Marcela Aroeira: Essa frase é muito comum, já ouvi diversas vezes! Entretanto é importante pensar que quando esse questionamento aparece, ele está sendo formulado a partir de uma perspectiva monogâmica e romântica, aonde depositamos muita energia e dedicação a um único relacionamento.

Quando falamos de não monogamia (principalmente numa perspectiva mais política), estamos propondo uma descentralização desse foco. Estamos propondo redes de afeto com atenções mais distribuídas, até para os projectos pessoais, que na monogamia às vezes são deixados um pouco de lado em prol de uma relação com uma outra pessoa.

Nós mulheres tendemos a fazer isso muito! Nos deixamos no canto pelo outro, que se torna o centro das nossas vidas (outra ideia do amor romântico que introjetamos e fazemos sem perceber!).
Quando conseguimos distribuir nossa atenção, as relações tendem a ficar mais leves, sem cobranças demasiadas, sem expectativas em uma única pessoa. Conseguimos construir vínculos em rede, assim como fazemos com os nossos amigos.

Aliás, deixo aqui essa questão: porque uma relação afetiva com componente sexual torna-se tão diferente das relações de amizade? Porque conseguimos ter várias relações de amizade e apenas uma afetivo/sexual?

Ah e preciso dizer também que nas relações não monogámicas existe a possibilidade de se ter mais de uma relação íntima e pessoal, mas não é de todo uma obrigação. Se o desejo for de se dedicar mais tempo de vida ao trabalho por exemplo, que assim seja! A diferença é que não tem uma terceira pessoa dizendo o que você pode ou não pode. É você quem decide!

MulheresEmViagem.pt: Um dos princípios das relações monogámicas – que nos é dito desde sempre – é que vamos encontrar O ou A tal… o grande amor da nossa vida. As relações não monogámicas mostram o contrário?

Marcela Aroeira: Sim, porque temos vários amores ao longo de nossas vidas. Essa ideia de que só existe um único grande amor, mais uma vez, herdamos do mito do amor romântico. Com quantas pessoas podemos ter trocas incríveis nas nossas vidas? E de diversas formas possíveis?
O que é ser o grande amor de alguém? Que pré-requisitos essa pessoa precisa preencher para estar à altura de levar esse título?
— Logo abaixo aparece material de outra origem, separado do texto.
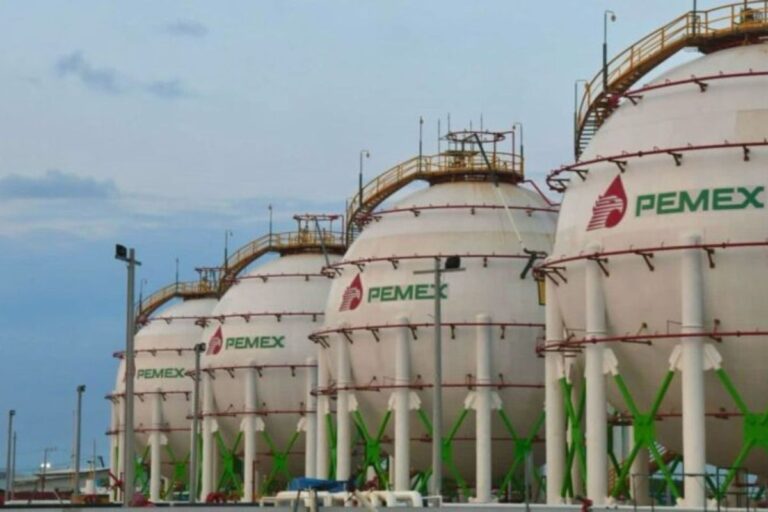 Por de decreto presidencial perdonan a Pemex el pago de impuestos
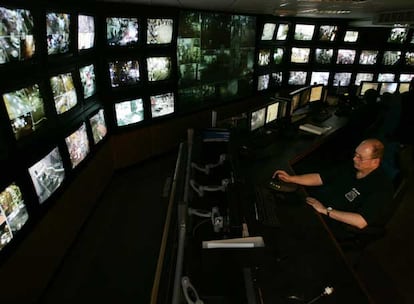 Sala subterránea de control por circuito cerrado de televisión de las calles de la zona central de Londres.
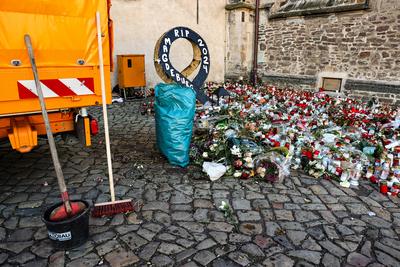 Pflege des Gedenkortes, das Aufr?umen an der Johanniskirche hat am Dienstag begonnen. Vor der Magdeburger Johanniskirche-stock-photo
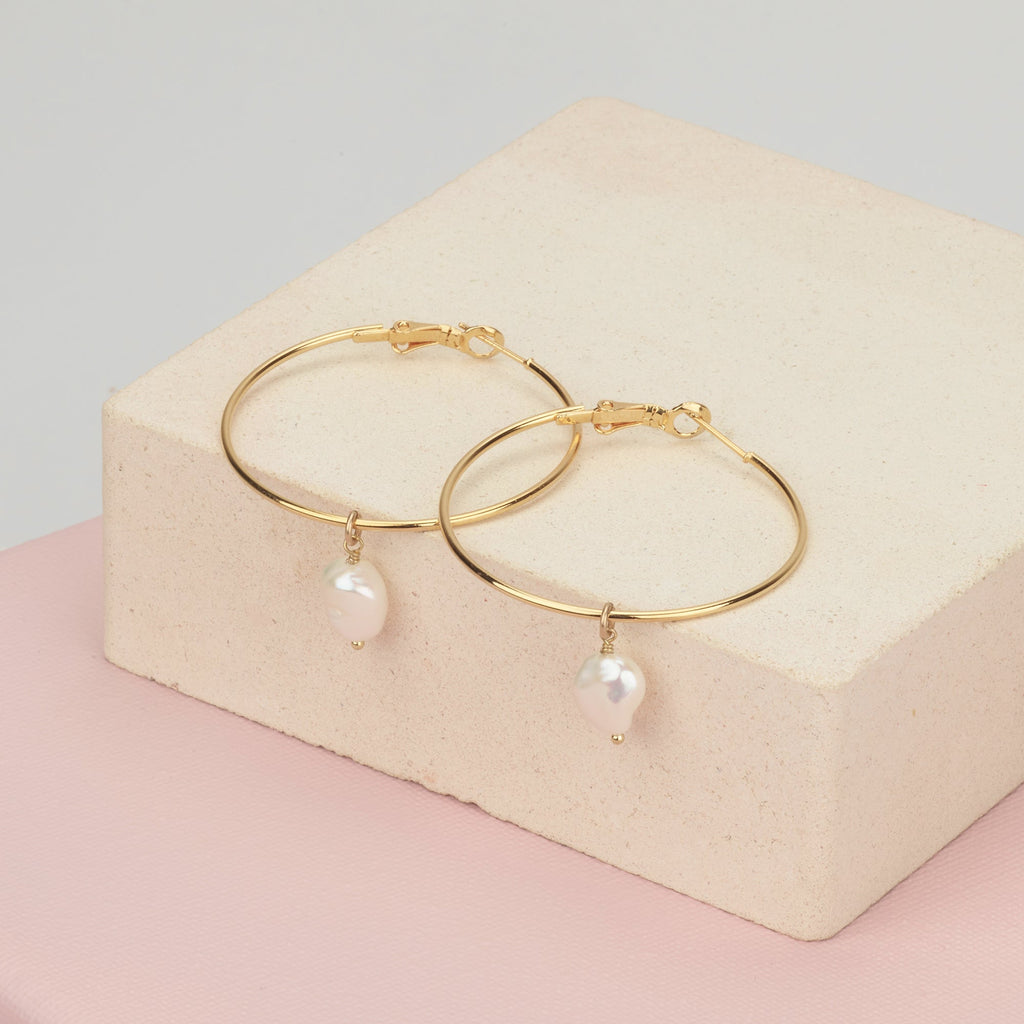 Freshwater Pearl Hoop Earrings - HLcollection - Handmade Gold and Silver Jewelry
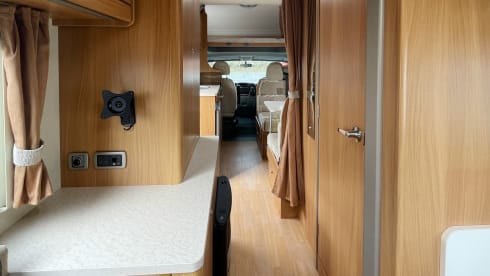 Oliver – Superb 6 berth Swift Motorhome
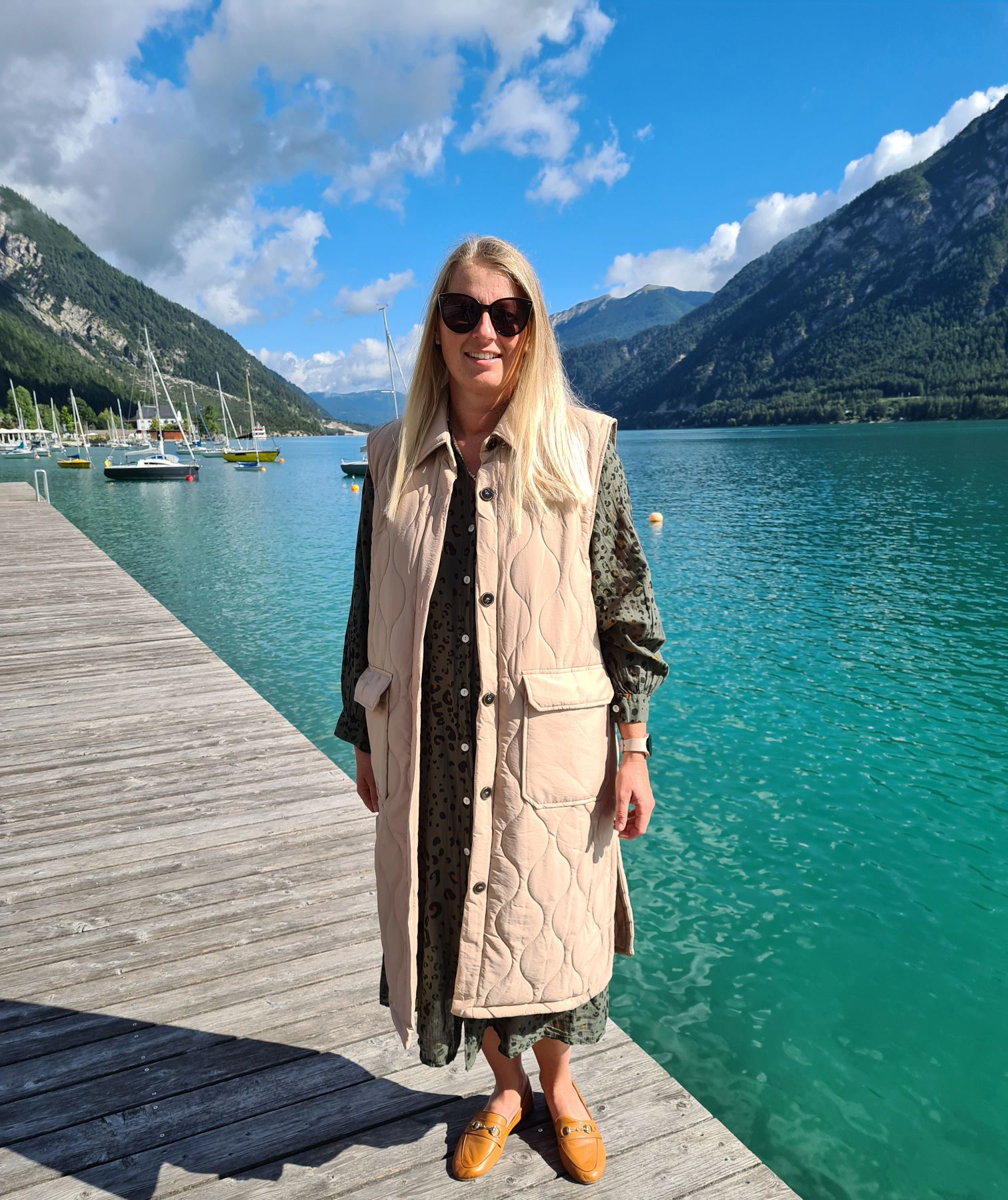 ÄRMELLOSE STEPPWESTE AMIRA CAMEL Kapuze Oversize Stepp Weste Jacke Mantel Italy Style versch. Größen Kopie ÄRMELLOSE STEPPWESTE AMIRA CAMEL Kapuze Oversize Stepp Weste Jacke Mantel Italy Style versch. Größen Kopie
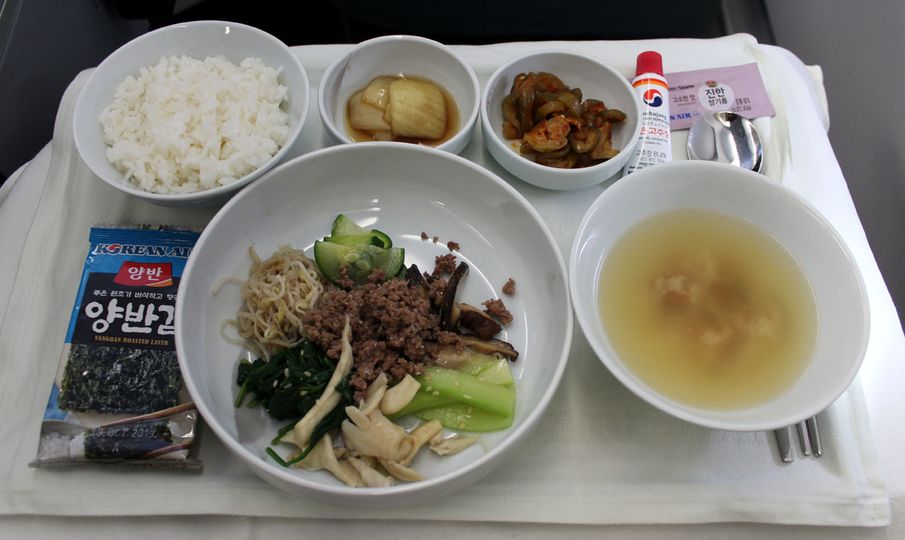 Korean Air Airbus A330-300 business class dining: Bibimbap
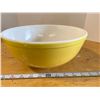 Image 1 : Pyrex Yellow Primary Bowl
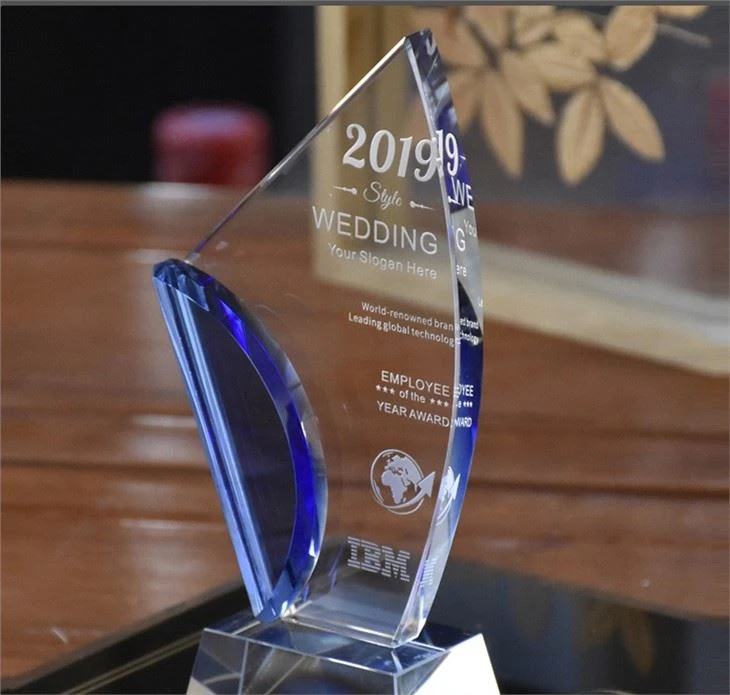 curved-crystal-award-with-top-peak15052361610 curved-crystal-award-with-top-peak15052361610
As pessoas nos encantam de formas diferentes. Cada uma delas pode acrescentar vida a um pedacinho de personalidade. Somos muito complexas para que uma única pessoa dê conta de tudo. E é tão libertador pensar que não precisamos dar conta de tudo o que tem a ver com uma única pessoa! Olha quanto peso nós deixamos de carregar quando mudamos a nossa forma de perceber as relações?
Em rede podemos nos apoiar mutuamente, podemos oferecer o que estamos dispostas a oferecer a cada pessoa e o contrário também. Quando uma pessoa não está lá, outra pode oferecer suporte e amor, temos abundância e não mais a escassez de podermos contar com uma única pessoa.